By Michael Welles Shapiro – Island Packet

Tax bills that go out in October could be startlingly high for nearly 6,200 people who’ve bought property in Beaufort County in 2007.

Under a 2006 state law that went into effect Jan. 1, 2007, the county must assess property based on its sale price. For instance, if a home previously was assessed at $150,000, but sold in 2007 for $200,000, it would be assessed based on the $200,000 sales price. The law applies to residential and commercial properties.

Higher assessments, one of the factors used to compute property taxes, almost always cause tax bills to go up.

Pam Kurtz is one of those people who expects her property taxes to jump. She moved to Hilton Head Island in 2005 with her husband.

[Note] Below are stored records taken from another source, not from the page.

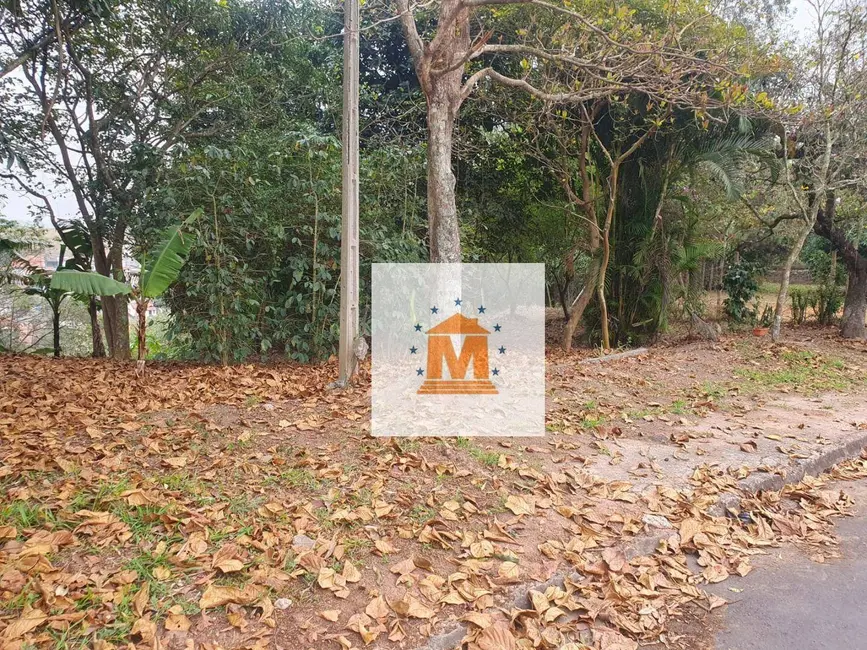 Foto 1 de Terreno / Lote à venda, 290m2 em Jardim Vista Verde, Jacarei - SP
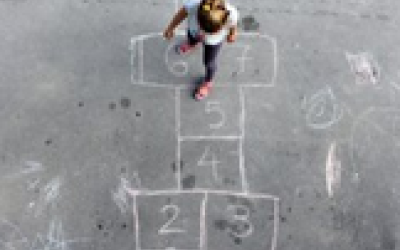 Processos d’aprenentatge creatiu a través del joc. Experiència a l’escola dels Encants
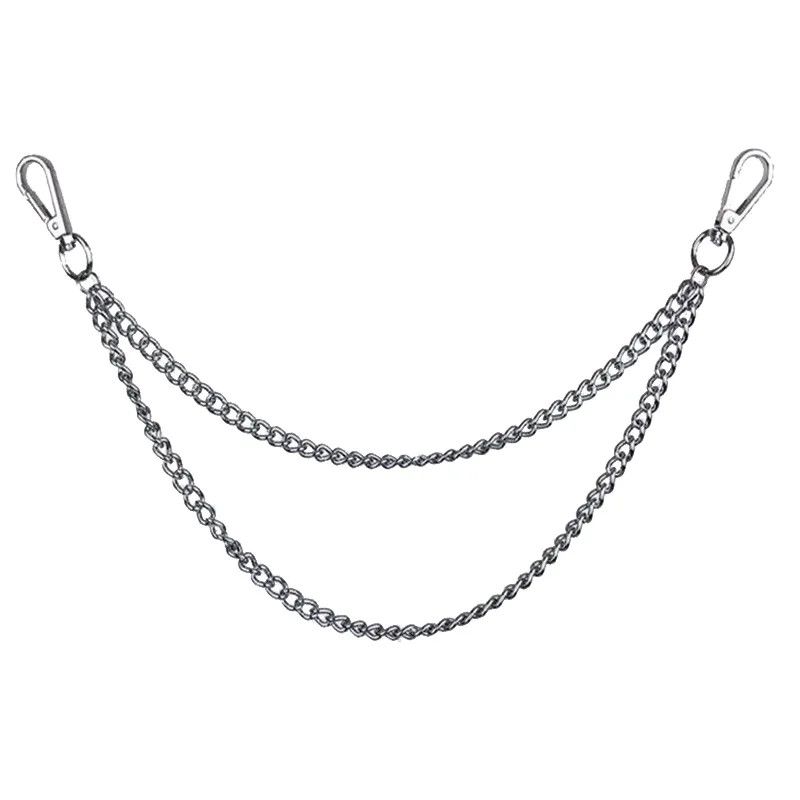Jewelry Wallet Waist Pants Key Chain Size ONE SIZE - 3 Thumbnail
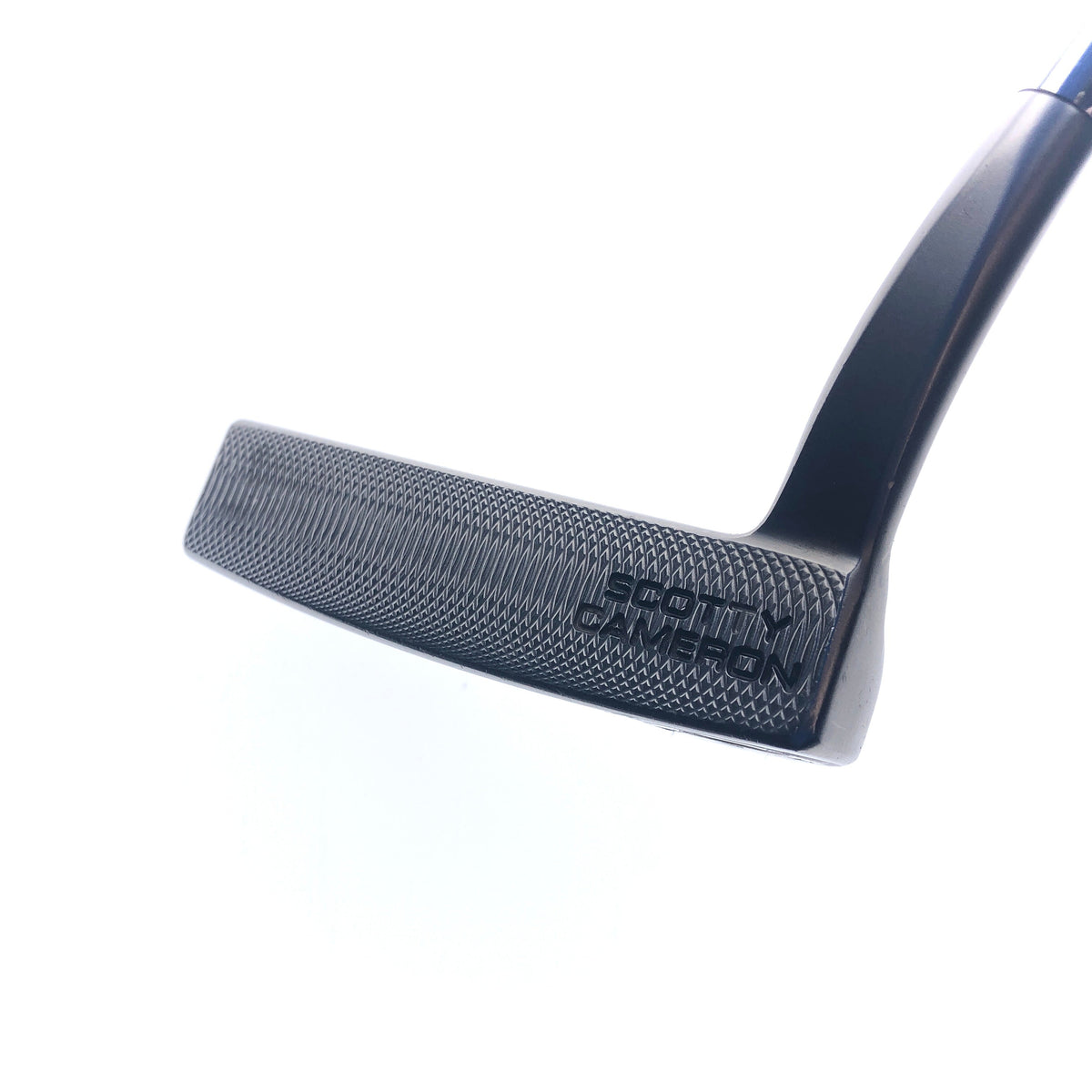 Used Scotty Cameron GoLo 3 2014 Putter / 33.5 Inches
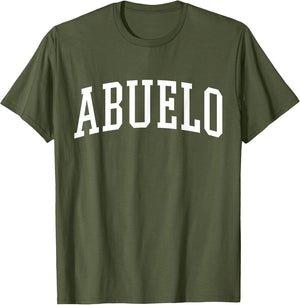 Varsity Abuelo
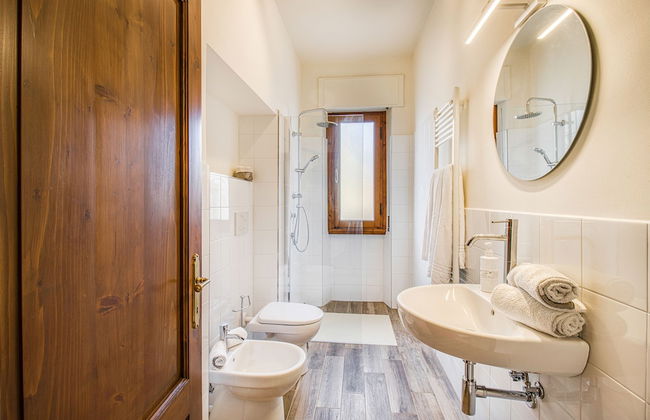 Casa Gedeone - Grand Canyon of Tuscany - Photo 12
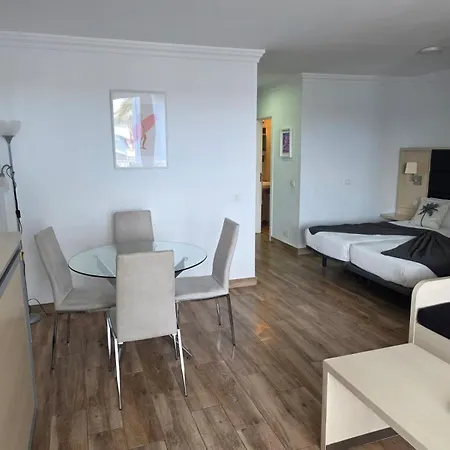 Kame House - Golf Del Sur Appartement San Miguel de Abona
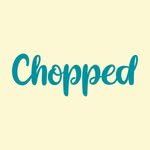 Chopped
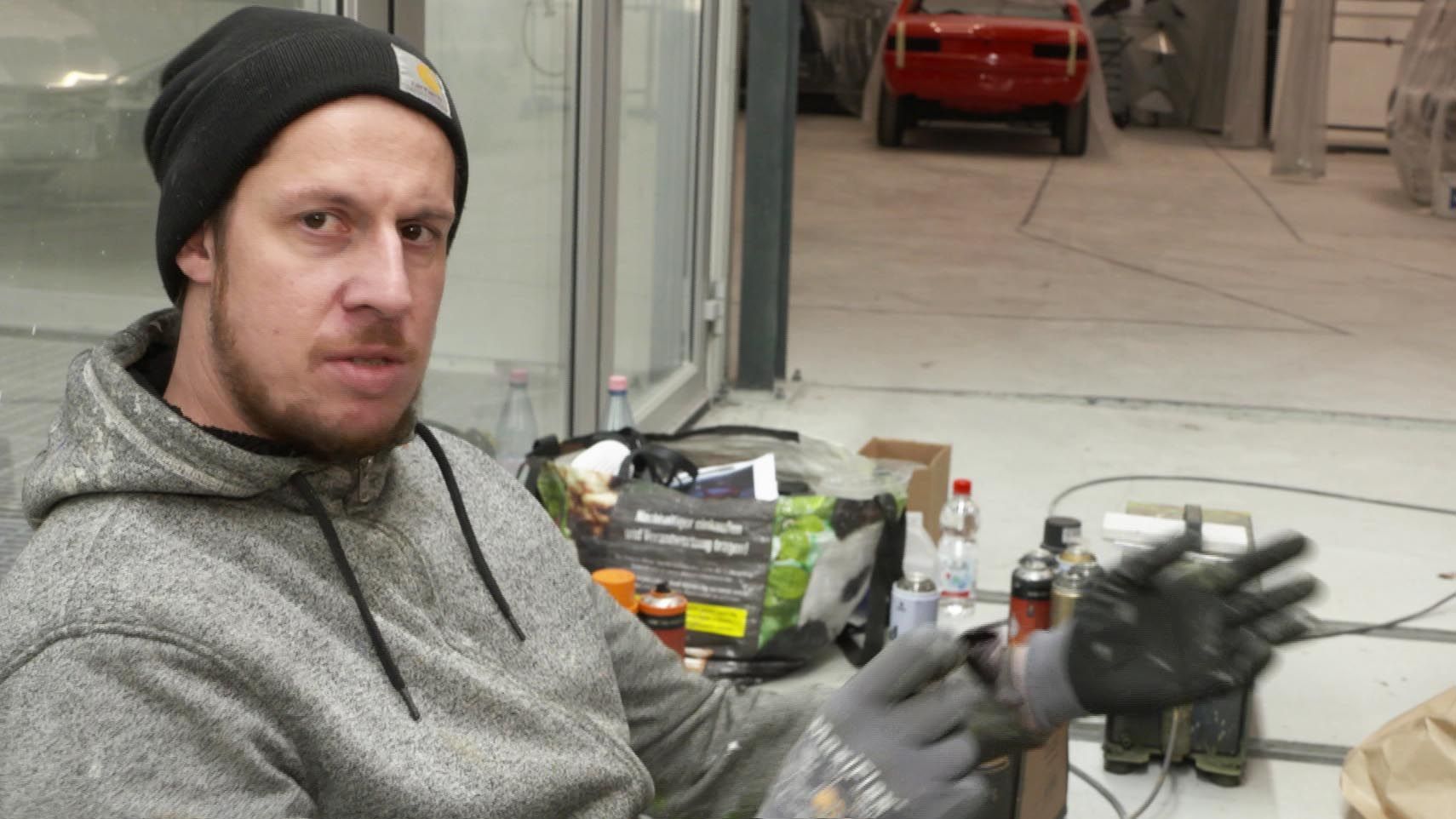 Die Tuning Profis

After his death, she bought a smaller, more affordable home in 2007.

Her new home previously had been assessed at $543,000, but because she paid $620,000 for it, that’s the new assessment, according to county records.

“If they’re going to use purchase price, that’s not good for me,” said Kurtz. “I worry because between that and the cost of insurance, it could push me off the island.”

David Donnell of Bluffton is in the same boat. He sold his home last year, then bought a new one. Now the person who bought his home is bracing for higher taxes.

His old house sold for $1.65 million, about twice the previous assessment of about $800,000.

“All of a sudden, I sell the house and the guy’s tax bill doubles,” Donnell said. “Seems like every time someone makes a windfall, the county does, too.”